As promised (though with a week’s delay), today I begin blogging through the book . This will only take up one post per week and I will be writing in such a way that you will be able to benefit even if you never pick up the book.
The reason I chose this book is because I, like the author, believe that Christians need to stop striving to make a name for themselves and instead draw each other and the world to the glory of God’s name. I need to hear this message a thousand times over and then some, so my prayer is that my journey through repentance will be yours as well.
In the Introduction, the author, whose pen name is Anonymous tells us why it was confirmed to him that he needed to keep his name hidden for this project:
After some divine arm-twisting, Embracing Obscurity-and anonymity-was born. Apart from the the surprisingly difficult logistics of writing anonymously (like keeping my own family in the dark), my flesh has been as rebellious as Terrell Owens at a press conference. Old sins die hard. I’ve found myself imagining scenarios in which I get some sort of glory for the work involved in these pages: “accidental” discoveries, best sellers’ lists-even one daydream in which I was discovered by a respected mentor and rewarded on my deathbed. My pride evidently knows no bounds.

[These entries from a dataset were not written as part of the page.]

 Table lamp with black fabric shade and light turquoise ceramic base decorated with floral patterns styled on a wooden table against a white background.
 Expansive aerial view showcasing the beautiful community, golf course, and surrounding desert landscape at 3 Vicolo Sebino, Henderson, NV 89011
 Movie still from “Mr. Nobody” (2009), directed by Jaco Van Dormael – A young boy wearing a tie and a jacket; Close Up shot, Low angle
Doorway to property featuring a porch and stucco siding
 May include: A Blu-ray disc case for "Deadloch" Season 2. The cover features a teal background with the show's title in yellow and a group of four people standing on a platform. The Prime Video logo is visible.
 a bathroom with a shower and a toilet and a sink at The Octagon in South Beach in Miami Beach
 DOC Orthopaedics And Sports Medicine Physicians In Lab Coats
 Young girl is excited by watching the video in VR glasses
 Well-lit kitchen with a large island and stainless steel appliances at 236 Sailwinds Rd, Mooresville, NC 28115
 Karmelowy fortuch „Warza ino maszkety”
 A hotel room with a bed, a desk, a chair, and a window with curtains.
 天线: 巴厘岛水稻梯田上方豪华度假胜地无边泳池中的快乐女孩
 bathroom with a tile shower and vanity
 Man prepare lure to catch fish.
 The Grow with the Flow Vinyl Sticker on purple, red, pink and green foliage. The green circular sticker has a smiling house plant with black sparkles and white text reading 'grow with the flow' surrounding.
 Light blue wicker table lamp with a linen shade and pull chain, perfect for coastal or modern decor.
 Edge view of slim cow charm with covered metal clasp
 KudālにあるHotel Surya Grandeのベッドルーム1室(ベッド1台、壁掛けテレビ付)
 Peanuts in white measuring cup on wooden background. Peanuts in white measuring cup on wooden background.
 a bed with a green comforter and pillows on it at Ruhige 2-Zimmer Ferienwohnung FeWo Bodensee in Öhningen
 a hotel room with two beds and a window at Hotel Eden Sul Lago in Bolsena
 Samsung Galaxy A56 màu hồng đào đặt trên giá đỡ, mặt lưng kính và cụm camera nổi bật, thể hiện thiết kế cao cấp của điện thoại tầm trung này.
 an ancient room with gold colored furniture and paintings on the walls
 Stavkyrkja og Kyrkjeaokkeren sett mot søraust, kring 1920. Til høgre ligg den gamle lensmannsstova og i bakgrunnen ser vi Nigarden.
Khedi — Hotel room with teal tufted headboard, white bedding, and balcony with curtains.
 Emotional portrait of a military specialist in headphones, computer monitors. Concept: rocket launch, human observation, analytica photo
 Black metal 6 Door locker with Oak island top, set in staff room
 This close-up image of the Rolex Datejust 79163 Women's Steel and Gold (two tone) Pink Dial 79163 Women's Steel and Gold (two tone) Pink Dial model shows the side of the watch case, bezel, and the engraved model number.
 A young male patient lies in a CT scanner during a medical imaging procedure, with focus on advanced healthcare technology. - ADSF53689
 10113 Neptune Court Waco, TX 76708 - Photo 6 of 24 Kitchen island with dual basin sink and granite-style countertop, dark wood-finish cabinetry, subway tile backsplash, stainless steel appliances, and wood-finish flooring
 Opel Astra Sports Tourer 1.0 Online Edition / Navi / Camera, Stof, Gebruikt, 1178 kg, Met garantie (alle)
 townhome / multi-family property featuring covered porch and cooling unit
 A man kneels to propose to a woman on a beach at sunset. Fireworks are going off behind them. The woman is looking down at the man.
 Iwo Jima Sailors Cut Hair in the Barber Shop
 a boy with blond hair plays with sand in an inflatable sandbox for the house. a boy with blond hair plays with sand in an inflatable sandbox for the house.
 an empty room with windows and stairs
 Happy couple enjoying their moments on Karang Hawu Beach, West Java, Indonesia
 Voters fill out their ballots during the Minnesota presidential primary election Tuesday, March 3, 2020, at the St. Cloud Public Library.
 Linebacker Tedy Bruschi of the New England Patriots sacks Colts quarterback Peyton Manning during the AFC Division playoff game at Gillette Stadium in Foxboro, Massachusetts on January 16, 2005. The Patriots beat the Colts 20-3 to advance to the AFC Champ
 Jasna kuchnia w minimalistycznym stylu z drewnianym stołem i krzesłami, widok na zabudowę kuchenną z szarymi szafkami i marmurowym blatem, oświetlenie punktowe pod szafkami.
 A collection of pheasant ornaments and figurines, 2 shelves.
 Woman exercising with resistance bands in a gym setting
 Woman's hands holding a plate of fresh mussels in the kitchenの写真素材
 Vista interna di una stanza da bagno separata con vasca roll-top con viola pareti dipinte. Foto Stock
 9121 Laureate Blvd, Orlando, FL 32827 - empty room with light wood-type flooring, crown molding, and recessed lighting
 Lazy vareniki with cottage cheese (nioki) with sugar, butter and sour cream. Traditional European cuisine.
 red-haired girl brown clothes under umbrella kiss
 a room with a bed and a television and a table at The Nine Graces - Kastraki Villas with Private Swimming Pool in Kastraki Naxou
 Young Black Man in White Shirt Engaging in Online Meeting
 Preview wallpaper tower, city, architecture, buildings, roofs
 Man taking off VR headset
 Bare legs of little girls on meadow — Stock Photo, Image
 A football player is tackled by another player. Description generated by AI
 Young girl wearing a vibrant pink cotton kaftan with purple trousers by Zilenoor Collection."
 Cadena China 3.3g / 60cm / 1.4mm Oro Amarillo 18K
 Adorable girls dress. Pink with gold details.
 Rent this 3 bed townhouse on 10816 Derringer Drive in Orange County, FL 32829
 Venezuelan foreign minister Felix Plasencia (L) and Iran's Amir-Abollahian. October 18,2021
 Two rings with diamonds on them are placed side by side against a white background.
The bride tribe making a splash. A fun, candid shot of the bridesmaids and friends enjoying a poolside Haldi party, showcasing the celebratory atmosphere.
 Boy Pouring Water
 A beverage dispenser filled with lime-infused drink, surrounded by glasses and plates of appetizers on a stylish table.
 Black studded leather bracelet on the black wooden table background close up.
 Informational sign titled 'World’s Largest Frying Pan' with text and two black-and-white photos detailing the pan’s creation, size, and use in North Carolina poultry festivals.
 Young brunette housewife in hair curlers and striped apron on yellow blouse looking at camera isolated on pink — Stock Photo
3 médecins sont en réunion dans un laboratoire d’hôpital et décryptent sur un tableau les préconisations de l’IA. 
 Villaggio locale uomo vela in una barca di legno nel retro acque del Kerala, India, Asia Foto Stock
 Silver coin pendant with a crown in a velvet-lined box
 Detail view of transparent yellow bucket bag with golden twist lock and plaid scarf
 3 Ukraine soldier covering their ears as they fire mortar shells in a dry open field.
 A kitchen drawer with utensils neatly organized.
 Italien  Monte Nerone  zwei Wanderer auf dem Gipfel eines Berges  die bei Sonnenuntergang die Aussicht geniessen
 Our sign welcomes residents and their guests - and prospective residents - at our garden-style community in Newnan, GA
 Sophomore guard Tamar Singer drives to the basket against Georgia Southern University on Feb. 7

One hand, it’s refreshing to read that someone else struggles with ridiculous narcissistic fantasies like me, but on the other hand, it’s devastating because as C.J. Mahaney has written, pride is essentially “contending with God for supremacy” (from his book, Humility). When we’re honest about our pride as Anonymous has been, it’s not hard to understand why the Bible tells us “God opposes the proud” (James 4:6). But we cannot forget the second half of this verse which says, “but (God) gives grace to the humble.” The desire behind this book is that Christians will “find and embrace the unsurpassable joy, freedom, and newfound purpose to be had in embracing obscurity.”